Read The Perfect Princess Online
Authors: Elizabeth Thornton
“For the love of God!” He sounded thoroughly annoyed.
“What did you think I was going to do to you?” He stared hard at her, then shook his head. “If I’d wanted to kill you, I would have done it when you went into the bushes to relieve yourself. Have you no sense, woman? Hold still till I get these thorns out of your clothes.”
He thrust his pistol into the waistband of his trousers, set down the bottle of brandy, and began to detach the prickly thorns from her gown. She sat there in miserable silence, with her knees drawn up to her chin, as the rain cascaded over her like a river in spate. Was it only yesterday, she wondered, that she’d longed for a little adventure? If this was the Deity’s idea of a joke, she was not amused. In fact, she was seething at the injustice of it all. Not that she blamed the Deity. No. Richard Maitland, and he alone, was responsible for all her troubles.

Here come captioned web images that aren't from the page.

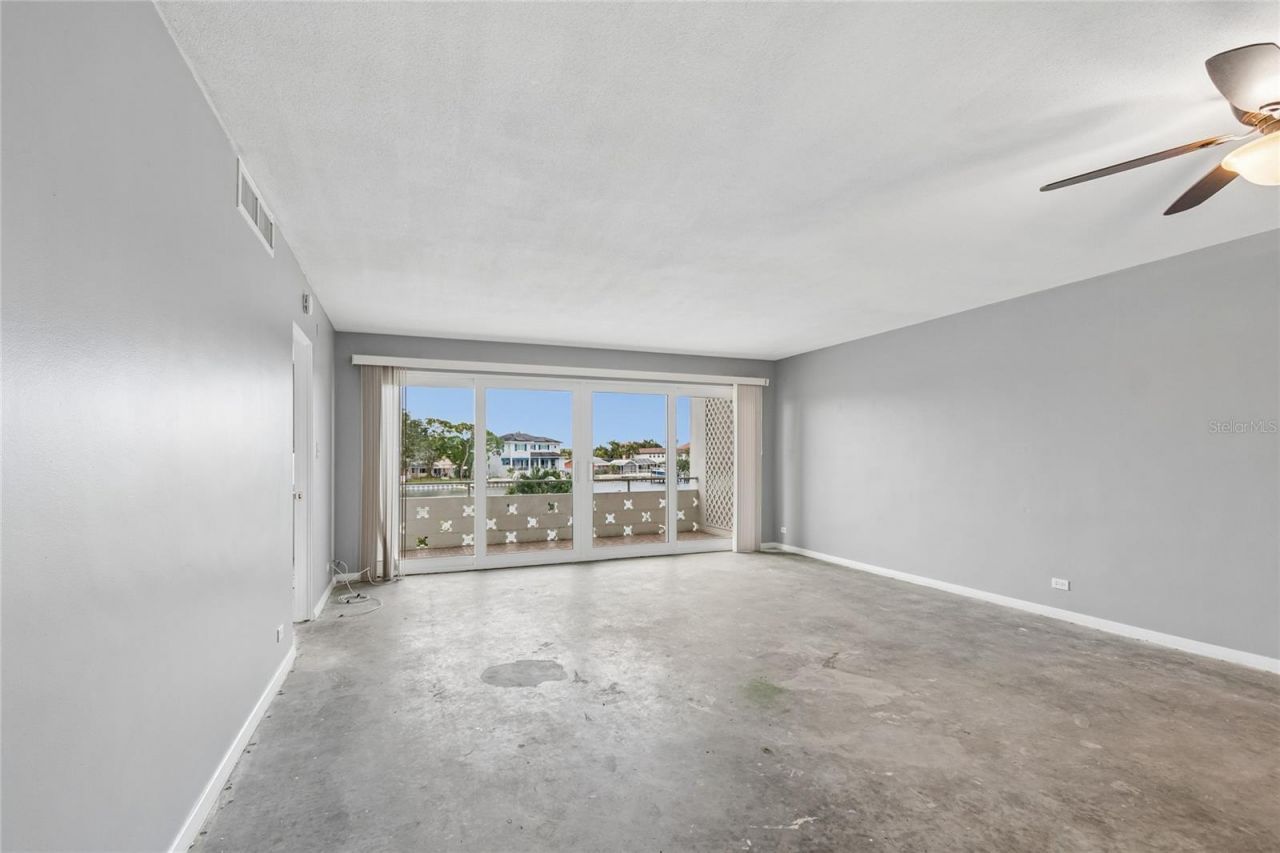 1365 N Snell Isle Boulevard Ne, Unit 2E, Saint Petersburg, FL 33704 Photo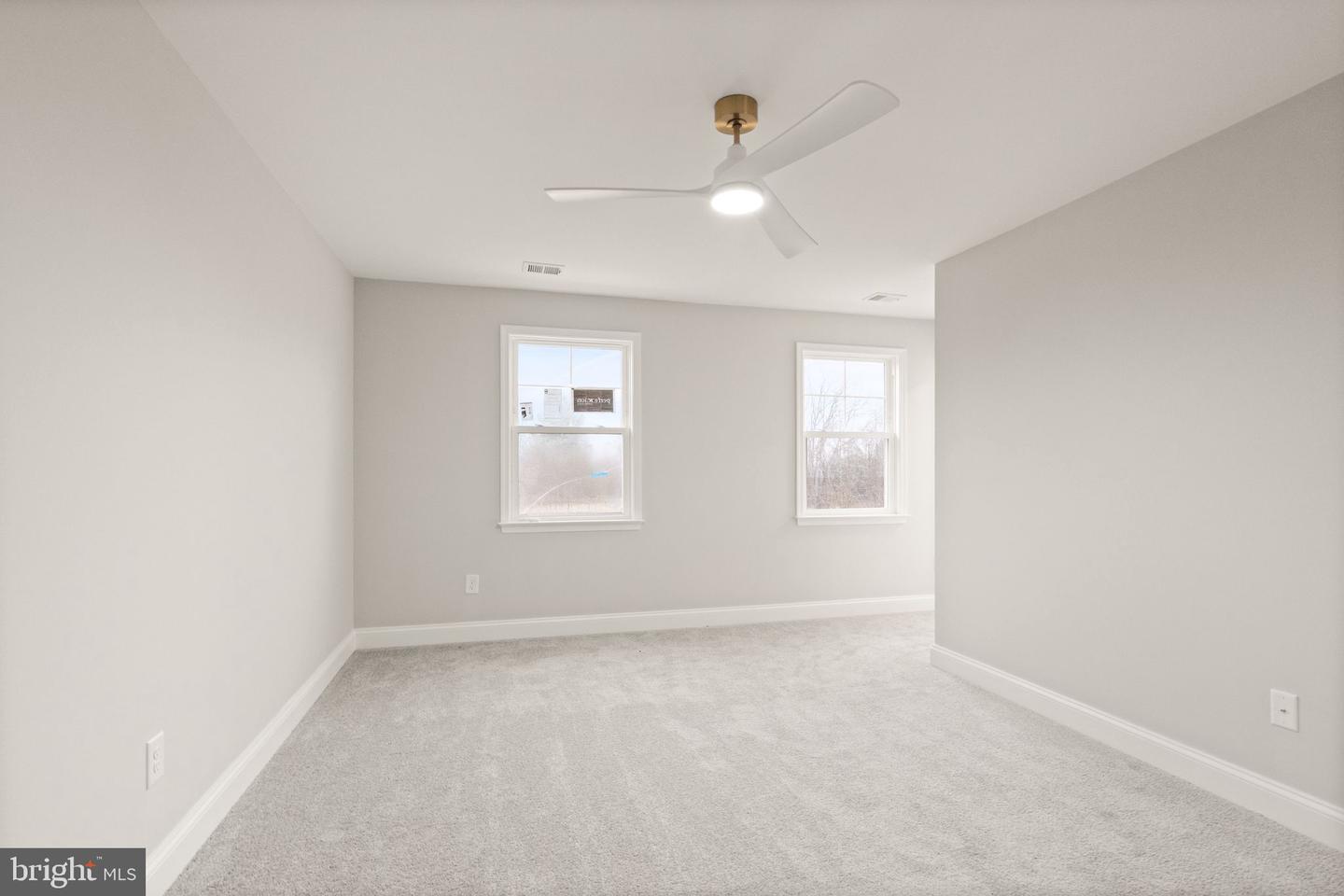 4823 STONEFIELD LN, WARRENTON, Virginia 20187, 4 Bedrooms Bedrooms, 7 Rooms Rooms,3 BathroomsBathrooms,Residential,For sale,4823 STONEFIELD LN,VAFQ2019372 MLS # VAFQ2019372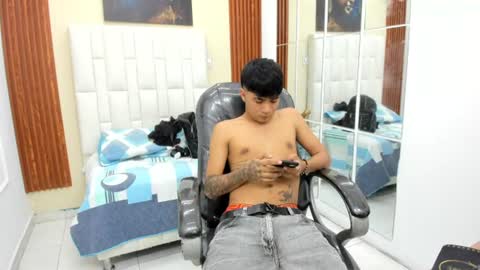 Snapshot of thiiago_collins chatting on June 2026 08:35:01 PM THIAGO COLLINS online show from June 2026 08:35:01 PM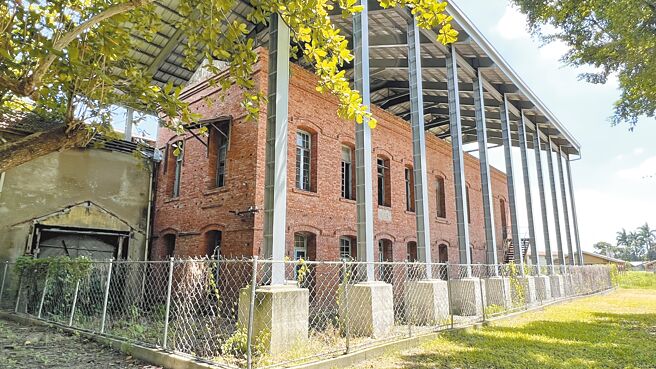台南鹽水岸內影視基地內有一棟在地人俗稱「紅樓」的歷史建築，台南市政府最近啟動修復作業，並在上方架設屋頂，減少建築被侵蝕的速度。（張毓翎攝）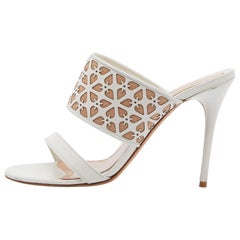 Alexander McQueen Weiß/Beige Laser Cut Ledersandalen Größe 38
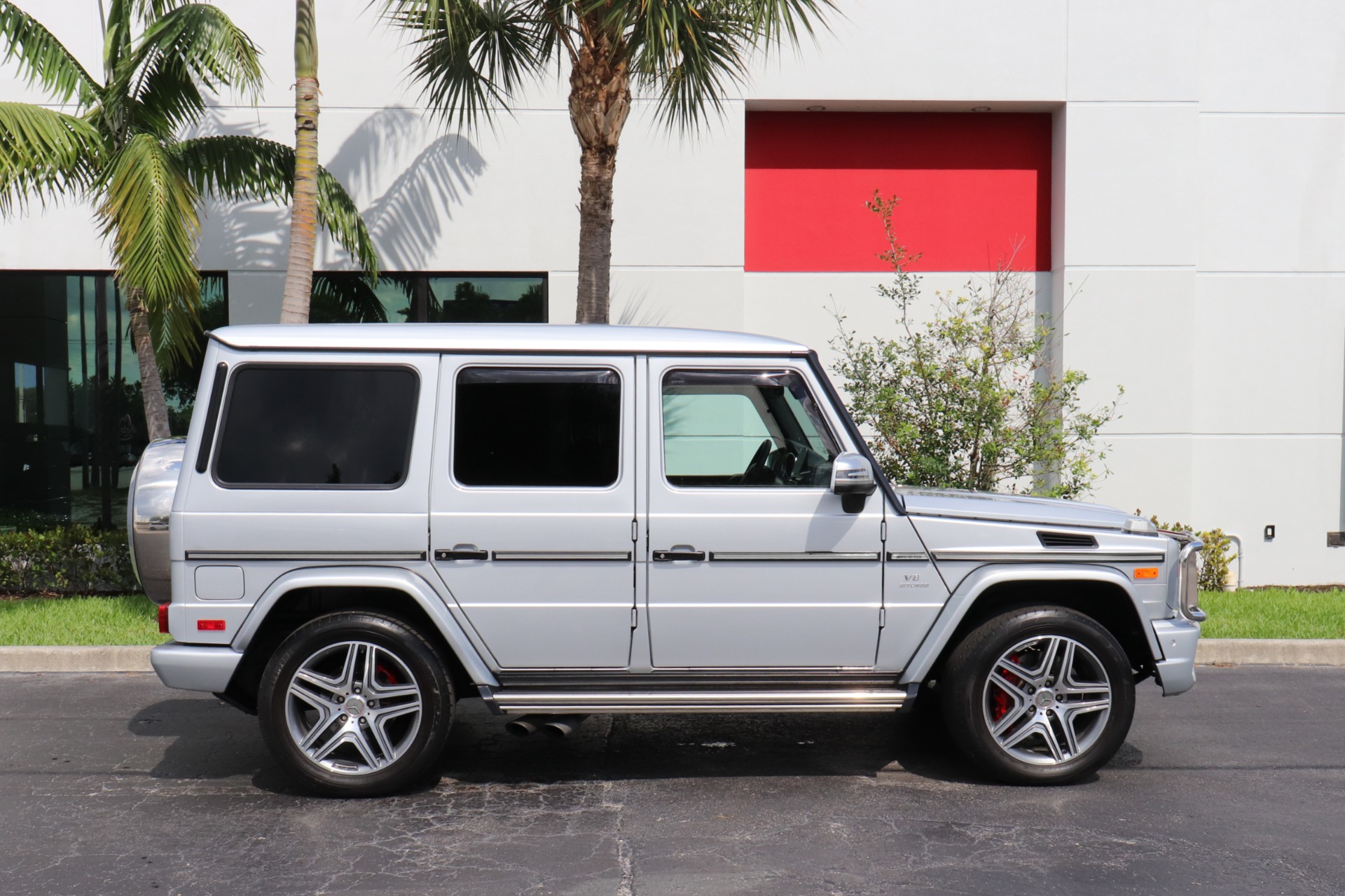 Used-2017-Mercedes-Benz-G-Class-AMG-G-63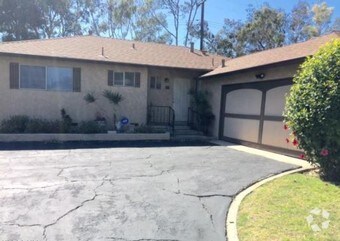 Primary Photo - 641 Evergreen Ln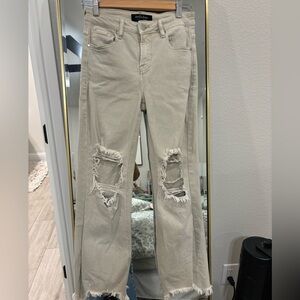 Risen Cropped Distressed Jeans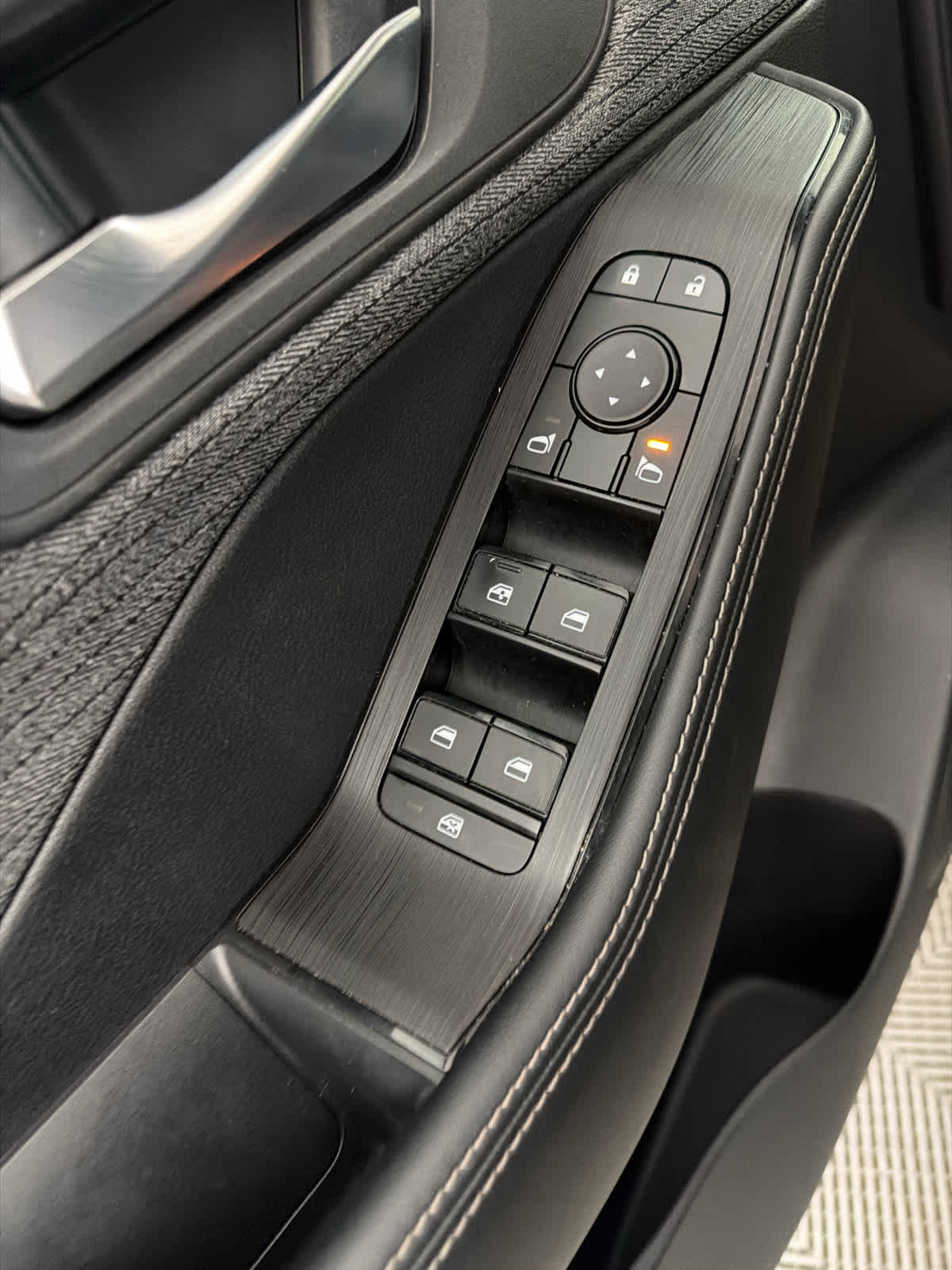 Used 2023 Nissan Rogue SV AWD/4WD image 23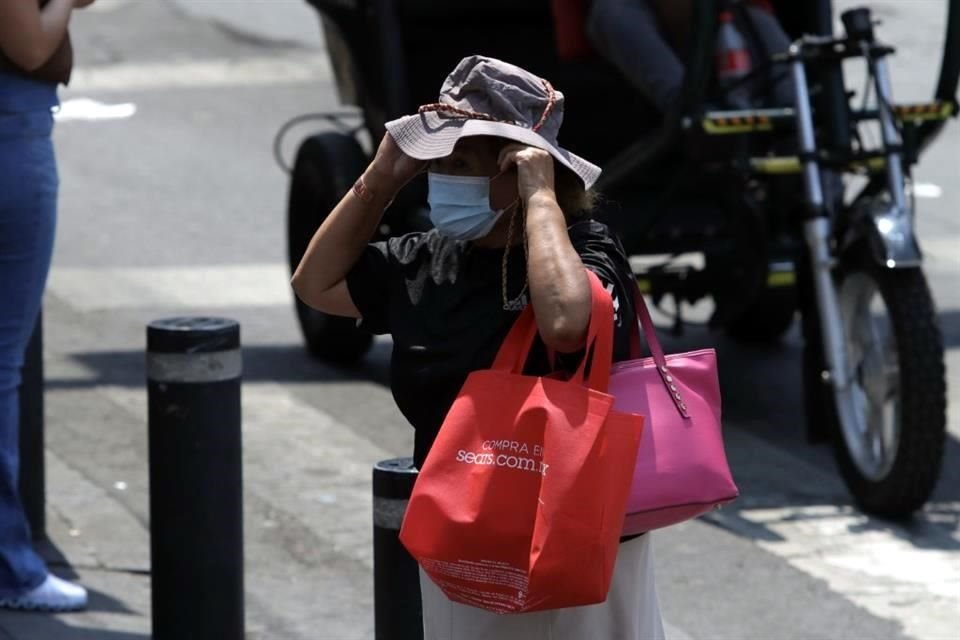 Además de los altos niveles de radiación y el calor, se registró una mala calidad del aire.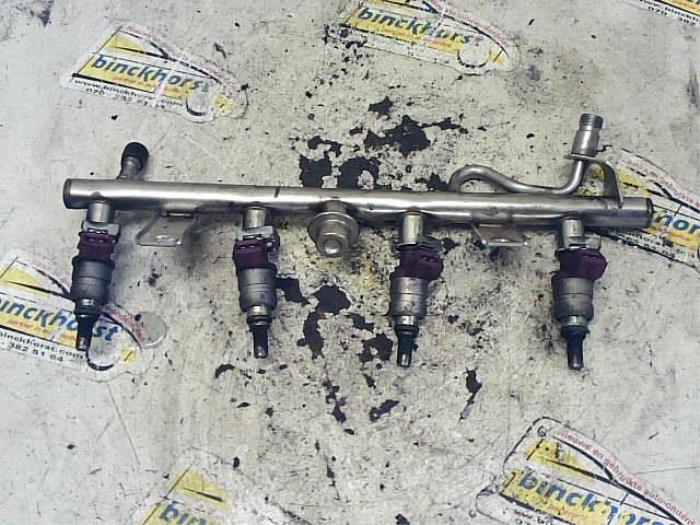 Gebruikte Injector brug Mercedes C (W203) 1.8 C-200K 16V Prijs € 84,00 Margeregeling aangeboden door Binckhorst BV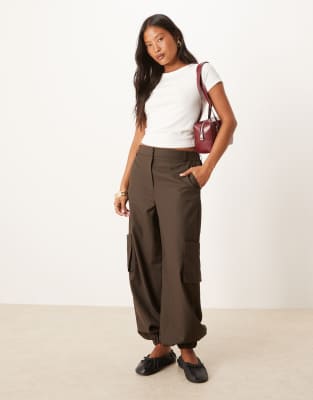 ASOS DESIGN Petite - Elegante Hose in Schokobraun mit geradem Bein, Bündchen und praktischen Taschen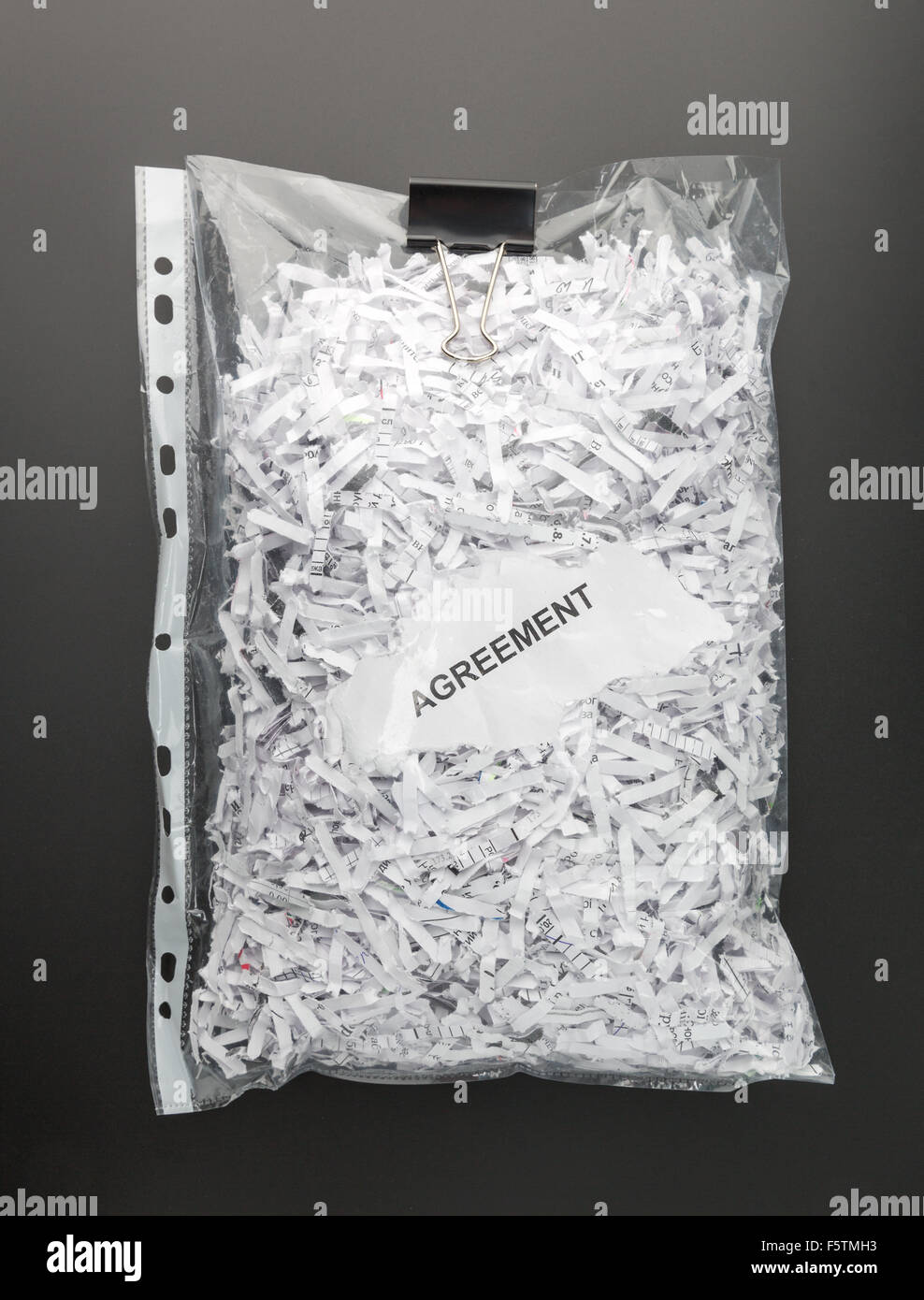 Shredded paper di accordo all'interno del file Foto Stock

Having released her from the brambles, he straightened and gave her another searching look. “Are you all right?” he asked.
“Am I all right?” she said pleasantly. “I wonder you should ask. What could be more agreeable than to be held at gunpoint, abducted, and tossed into a thicket of brambles in a downpour of rain in the middle of nowhere?”
“You fell into the brambles,” he said. He stooped to pick up the bottle of brandy.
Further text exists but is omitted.